Reader Brian McCormack offers his viewpoint on the Rangers-Islanders meeting.
McCormack: “That Dec. 2 rivalry game had little impact on the fate of either team; except for the fact the Rangers did in the end need the two points to make the playoffs. What the game did demonstrate was that regardless of either team’s place in the standings, Rangers-Islanders games are always fierce battles with playoff atmospheres. And no lead is ever safe! Gaborik’s continued offensive struggles proved a blessing in disguise. While Gabby recorded three hat tricks during the 2010-2011 season, they were all against non-playoff opponents. His ineffectiveness forced the Rangers to look to other areas for offense and the advent of the Brad Richards Era.”

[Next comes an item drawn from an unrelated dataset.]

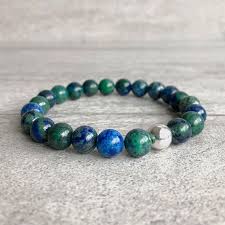 Chrysocolla Bracelet Stretch Blue Green Stone Bracelet Etsy Chrysocolla Jewelry Beaded Bracelets Gold Bead Bracelets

(THE MAVEN’S THOUGHTS: It’s easy to become enamored of an amiable goaltender such as Al Montoya. After a win he not only effervescent with his comments, I found him good for laughs. Following each W, I’d head for the dressing room and come up with a new nickname for Big Al. There were some awfully good times and I hoped and prayed that his goaltending would last for a long time. But a concussion injury changed all that. Upon his return, Montoya seemed to have lost the confidence and ability that had preceded the injury. As for DiPietro, we’re still waiting for the season that includes his revival of the skills that inspired management to spend so much money — and years — on him. Meanwhile, the Rangers — under the Sather-Tortorella tandem — solidified their franchise. Sather disposed of players — Christensen and Avery in particular — who were not Torts-type performers. By the end of 2011-2012, the Blueshirts were aiming for the Stanley Cup and it was a realistic wish when NHL hockey finally would return.)